Itulah mengapa, kita harus memberi kesempatan pada anak untuk bergaul seluas-luasnya. Tentu secara bertahap, sesuai perkembangan sosialisasinya seiring usia bertambah. Termasuk mengajarkan berbicara agar kemampuan bahasanya makin berkembang, etika pergaulan seperti sopan santun, belajar berbagi, serta belajar memilih dan memutuskan sendiri.

AJAR BERANI BICARA

Kini kita berlanjut pada solusinya. Menurut Indri, menghadapi anak pengadu butuh sikap hati-hati dan respon mendalam. "Orang tua dan guru harus tahu persis apa yang jadi masalah anak. Jangan semua hal yang diadukan anak ditanggapi." Dengan kata lain, cuma hal-hal yang membahayakan saja, ya, Bu-Pak.

Misal, si kecil mengadukan temannya yang kelewat "nakal". Di "sekolah", yang terbaik tentulah kita melaporkan pengaduan itu pada gurunya ketimbang menasihati atau bahkan memarahi si teman. Bisa-bisa nanti orang tua si anak tak senang, hingga hubungan kita dengannya jadi buruk. Apalagi bila kita sampai menelepon si orang tua dan memarahinya, wah, bakal ribut besar, deh. Jangan pula kita mengajari si kecil untuk membalas perlakuan temannya semisal, "Kalau kamu dipukul, balas pukul lagi, ya!" Cara ini malah mempertajam masalah. Jadi, kita percayakan saja pada guru untuk mengatasinya, ya, Bu-Pak. "Guru bisa memonitor, memanggil, atau membuatkan program khusus agar si anak 'nakal' ini berkurang perilaku negatifnya."

Sementara terhadap si kecil yang dianggap anak bawang dan kerap dijadikan bulan-bulanan, "orang tua dan guru perlu membesarkan hatinya. Minimal, agar ia tak semakin merasa terpuruk dengan kondisinya yang terbiasa dirugikan tanpa bisa berbuat apa-apa." Saran Indri, ajak si kecil untuk berani bicara semisal, "Kenapa, sih, kamu gangguin saya?" Beri pujian bila ia melakukannya. Dengan begitu, ia diajak belajar menyelesaikan masalahnya sendiri tanpa kelewat melindunginya. Ingat, lo, bila kita dan gurunya terlalu melindungi, si kecil bisa tumbuh jadi manusia cengeng.

Selain itu, kita pun perlu membekali si kecil dengan sejumlah saran atau alihkan dengan cara lain semisal humor, "Kalau kamu mukulin aku terus, nanti tanganmu bengkok, lo." Cara ini mengajarkan anak untuk tak marah secara agresif, melainkan cukup mengungkapkan pendapat/perasaannya dengan jelas tanpa harus membungkusnya dengan emosi berlebihan.

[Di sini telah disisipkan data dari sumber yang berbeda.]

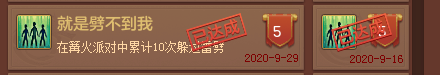 神武帮派强盗(神武帮派活动刑天迷阵怎么玩)插图3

Namun bila temannya memang "nakal" sekali, jalan akhir yang bisa ditempuh, minta si kecil menghindari si teman dan ajari ia memperluas pergaulan, setidaknya berteman dengan anak yang enggak "nakal". Dengan begitu, ia pun terlatih memilah mana yang bisa dijadikan teman dan mana yang tidak.

OBSERVASI DULU

Sayang, ukuran bahaya dan tidaknya ini tak sama di mata anak dengan orang tua/guru. Bahkan, antara orang tua dan guru pun bisa berbeda. Hingga tak jarang terjadi, orang tua merasa diabaikan oleh guru kala melaporkan kejadian yang menimpa anaknya di "sekolah".

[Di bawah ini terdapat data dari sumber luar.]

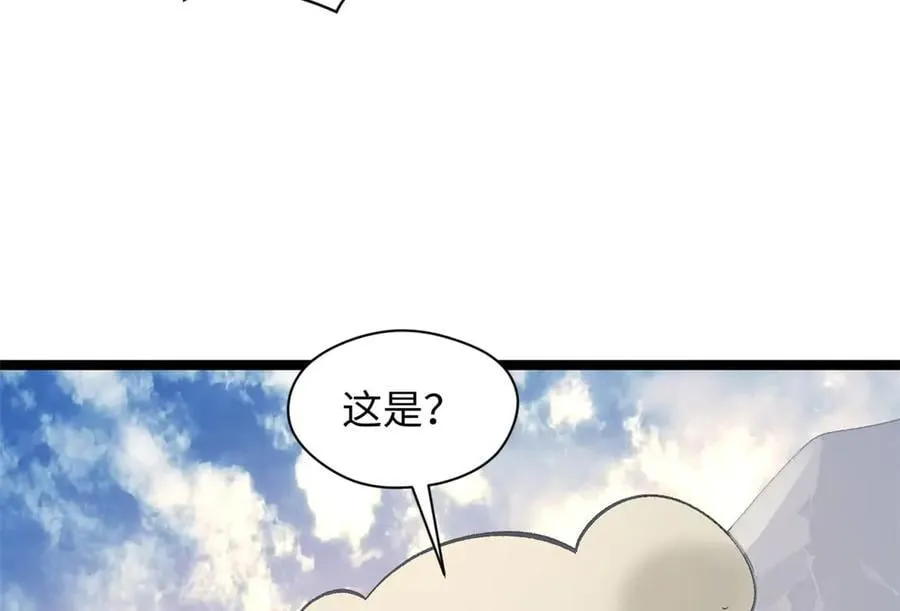 190 时代五大主角123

Itu sebab, Indri minta, baik guru maupun orang tua agar mengobservasi dulu, apakah hal yang diadukan anak memang benar-benar berbahaya. Tentu sebagai orang tua, kita harus jujur, ya, Bu-Pak. Dalam arti, kalau memang bukan hal yang membahayakan, kita pun harus mengakuinya. Kalau tidak, yang terkena dampaknya juga si kecil. Ingat, lo, ia bisa tumbuh jadi orang yang enggak tahan banting jika selalu dilindungi.